* **What the task requires**
Only the lines below from the one containing "Welcome guys, welcome" through the one containing "Right, are you" belong in the answer, set down exactly, with the pictures left out.
[[ Source material, beginning ]]
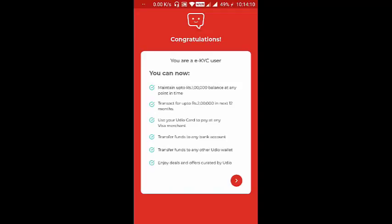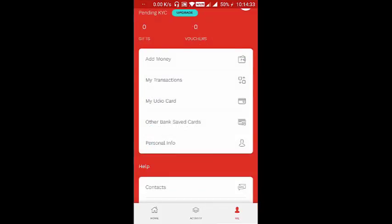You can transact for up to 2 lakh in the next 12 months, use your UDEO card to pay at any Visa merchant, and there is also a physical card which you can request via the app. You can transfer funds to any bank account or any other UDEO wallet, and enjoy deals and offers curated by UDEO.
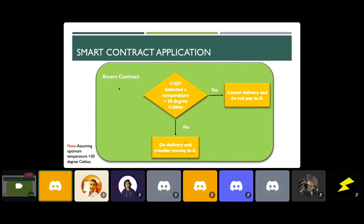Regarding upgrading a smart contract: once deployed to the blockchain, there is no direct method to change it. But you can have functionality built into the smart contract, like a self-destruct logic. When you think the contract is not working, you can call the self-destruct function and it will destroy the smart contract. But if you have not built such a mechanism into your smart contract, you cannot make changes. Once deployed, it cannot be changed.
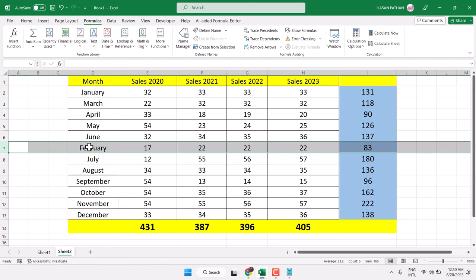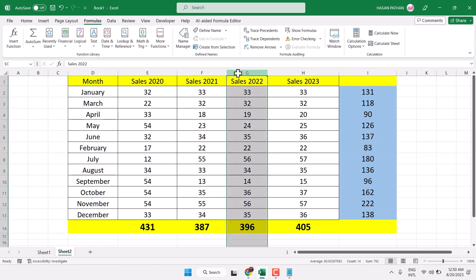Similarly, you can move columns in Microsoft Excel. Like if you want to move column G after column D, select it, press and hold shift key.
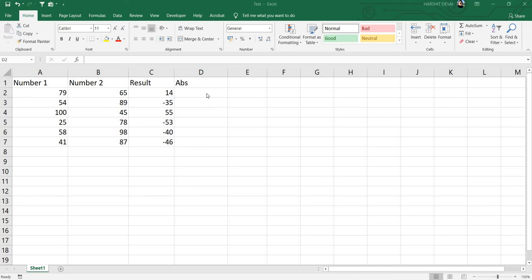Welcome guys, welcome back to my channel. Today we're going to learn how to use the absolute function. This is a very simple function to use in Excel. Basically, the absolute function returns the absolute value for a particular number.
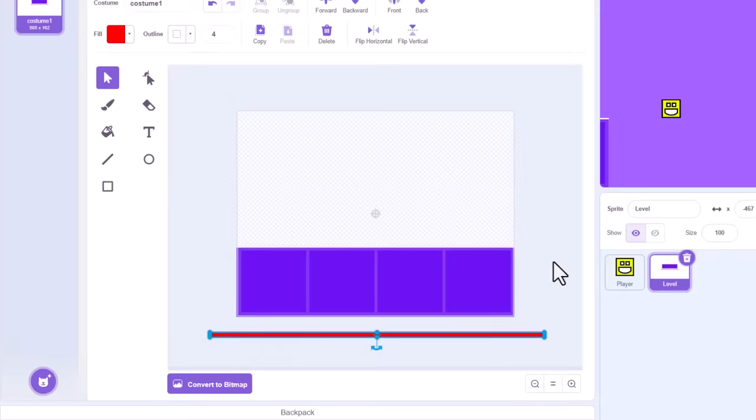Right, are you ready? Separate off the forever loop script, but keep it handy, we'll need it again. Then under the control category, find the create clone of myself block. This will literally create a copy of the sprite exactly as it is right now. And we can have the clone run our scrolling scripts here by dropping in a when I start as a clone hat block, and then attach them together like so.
[[ Source material, end ]]
[[ Source material, beginning ]]
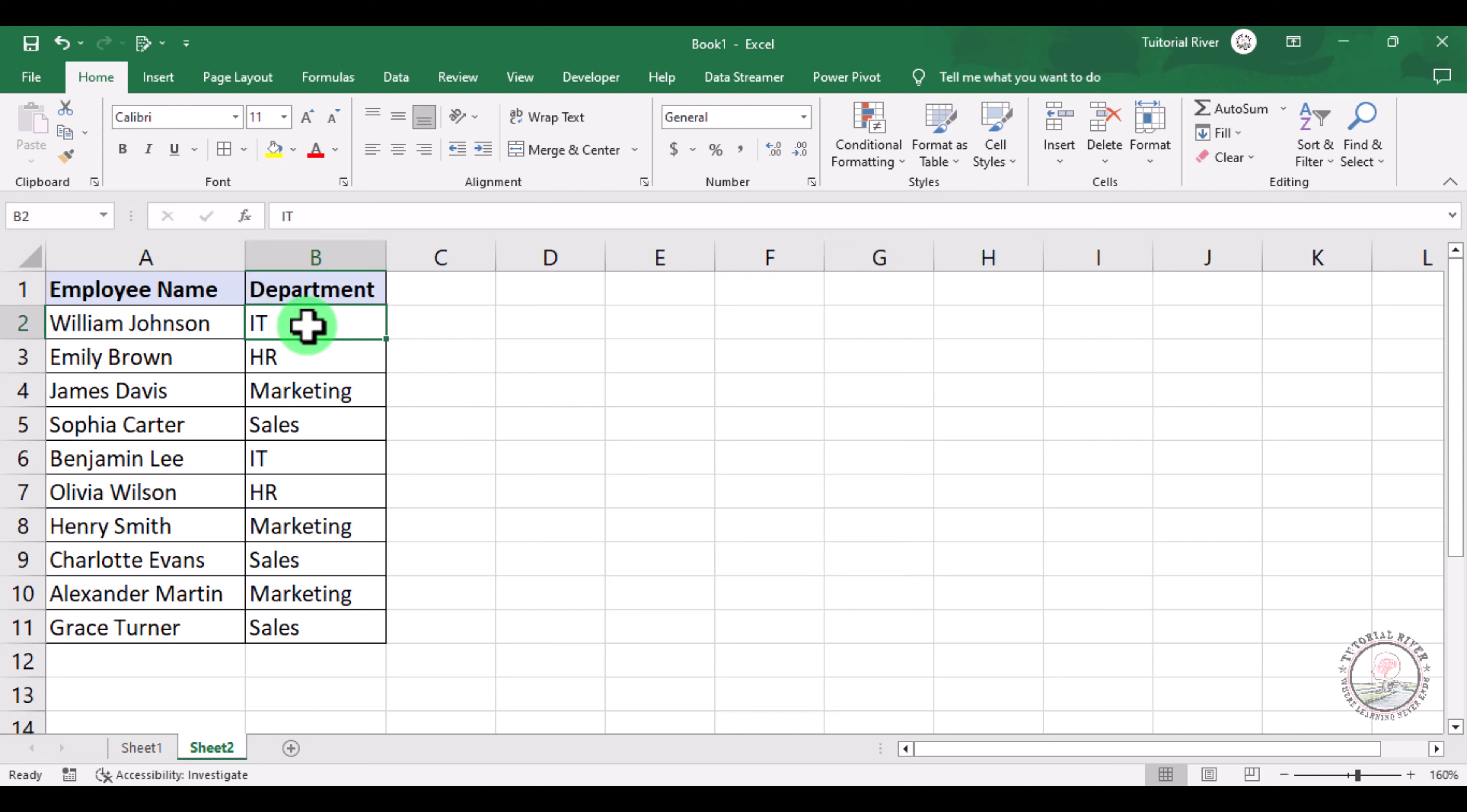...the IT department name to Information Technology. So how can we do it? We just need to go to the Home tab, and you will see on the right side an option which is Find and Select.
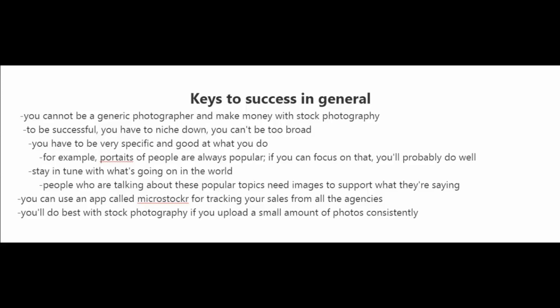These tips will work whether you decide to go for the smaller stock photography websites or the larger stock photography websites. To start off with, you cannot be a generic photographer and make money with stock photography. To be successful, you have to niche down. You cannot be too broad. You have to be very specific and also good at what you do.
[[ Source material, end ]]
* **Reply**
Welcome guys, welcome back to my channel. Today we're going to learn how to use the absolute function. This is a very simple function to use in Excel. Basically, the absolute function returns the absolute value for a particular number.
Right, are you ready? Separate off the forever loop script, but keep it handy, we'll need it again. Then under the control category, find the create clone of myself block. This will literally create a copy of the sprite exactly as it is right now. And we can have the clone run our scrolling scripts here by dropping in a when I start as a clone hat block, and then attach them together like so.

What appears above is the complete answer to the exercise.